Single by Depeche Mode

from the album Playing the Angel
- B-side: "Newborn"
- Released: 12 December 2005
- Studio: Sound Design (Santa Barbara, California)
- Length: 4:11 (album version); 3:23 (radio edit 1); 3:27 (radio edit 2);
- Label: Mute
- Songwriter: Martin Gore
- Producer: Ben Hillier

Depeche Mode singles chronology
| "Precious" (2005) | "A Pain That I'm Used To" (2005) | "Suffer Well" (2006) |

Music video
- "A Pain That I'm Used To" on YouTube

= A Pain That I'm Used To =

2005 single by Depeche Mode

"A Pain That I'm Used To" is a song by English electronic music band Depeche Mode.

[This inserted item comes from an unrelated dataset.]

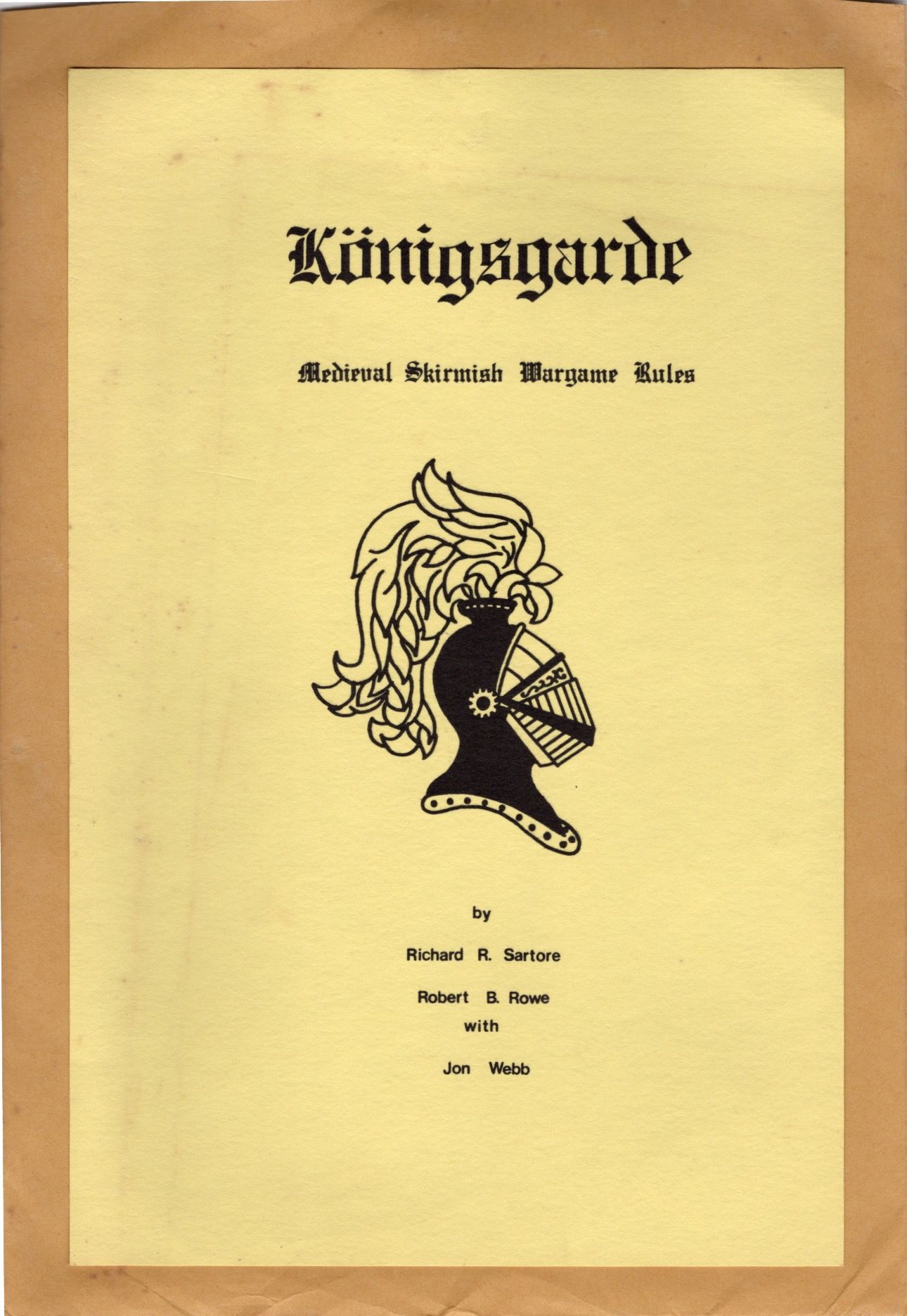 Cover art for Königsgarde: Medieval Skirmish Wargame Rules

It is the opening track on their eleventh studio album, Playing the Angel (2005). It was released as the album's second single on 12 December 2005 through Mute Records.

==Background==
The single contains remixes by Goldfrapp and Jacques Lu Cont (Stuart Price). There are also two radio versions.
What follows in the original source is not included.